Given information:
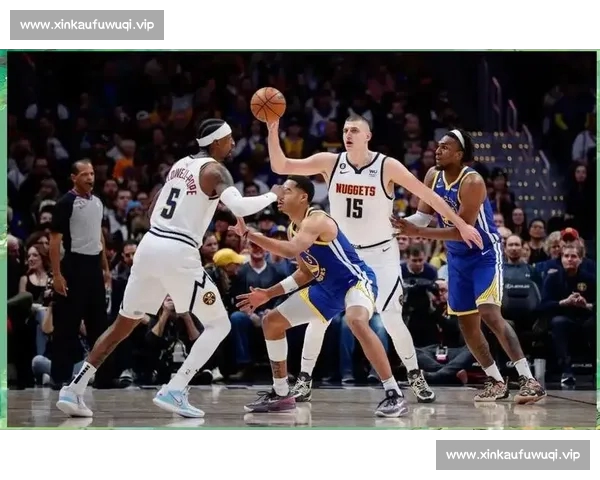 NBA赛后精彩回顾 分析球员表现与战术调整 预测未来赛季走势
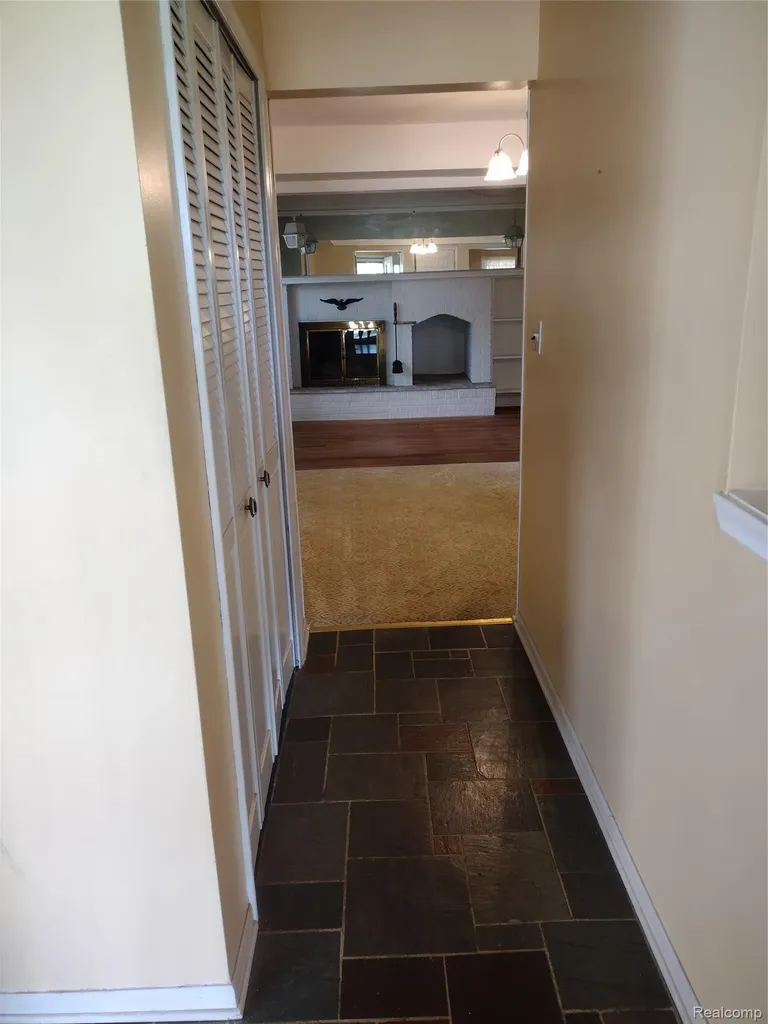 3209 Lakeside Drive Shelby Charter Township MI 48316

--

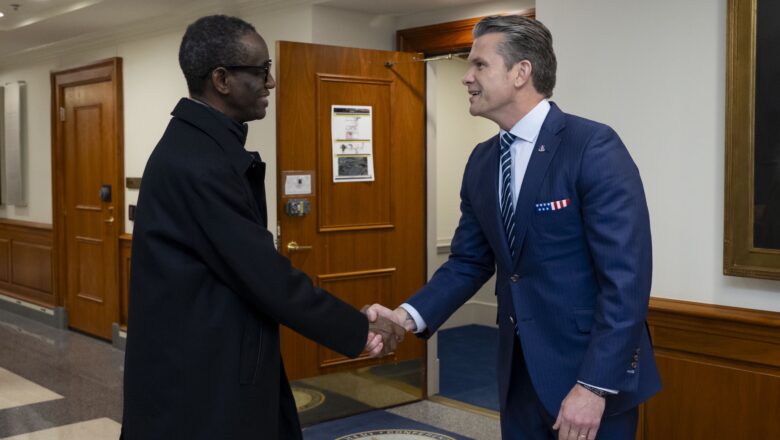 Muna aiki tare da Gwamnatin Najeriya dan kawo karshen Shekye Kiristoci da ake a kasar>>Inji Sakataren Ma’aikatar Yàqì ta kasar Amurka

* * *

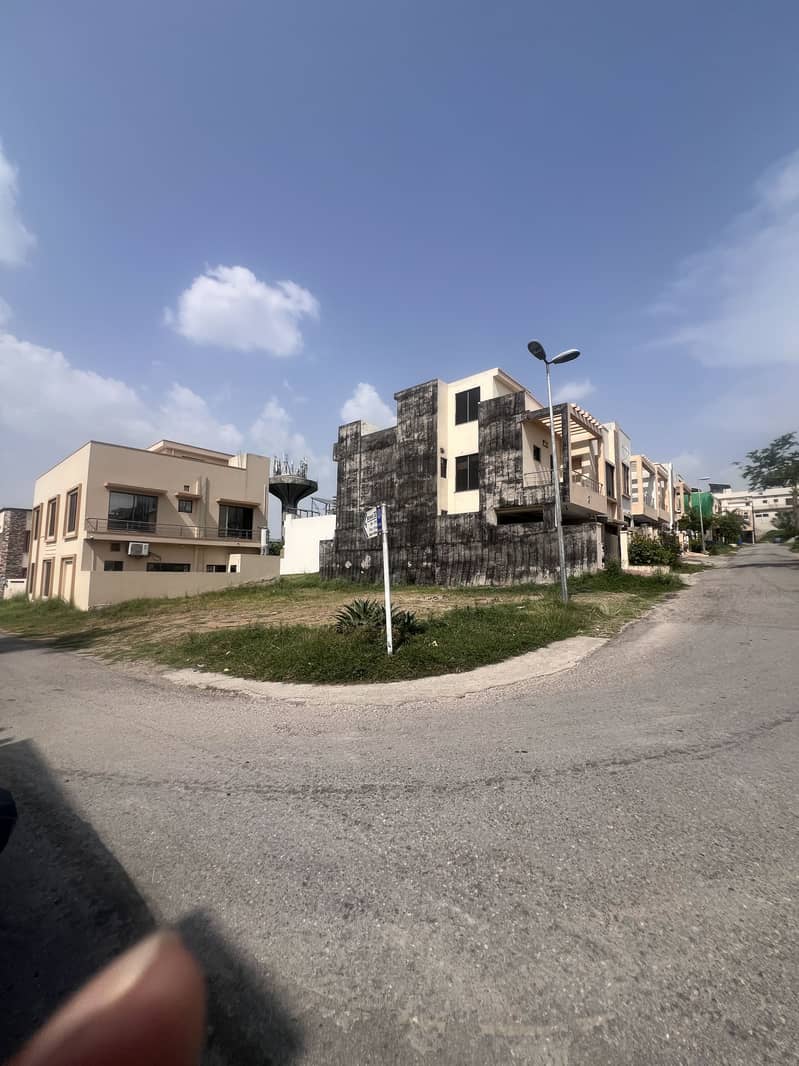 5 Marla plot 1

What you should do: What is wanted is an exact copy of the lines above from the one containing "NBA赛后精彩回顾 分析球员表现与战术调整 预测未来赛季走势" through the one containing "3209 Lakeside Drive", with no pictures in it.

Response:
 NBA赛后精彩回顾 分析球员表现与战术调整 预测未来赛季走势
 3209 Lakeside Drive Shelby Charter Township MI 48316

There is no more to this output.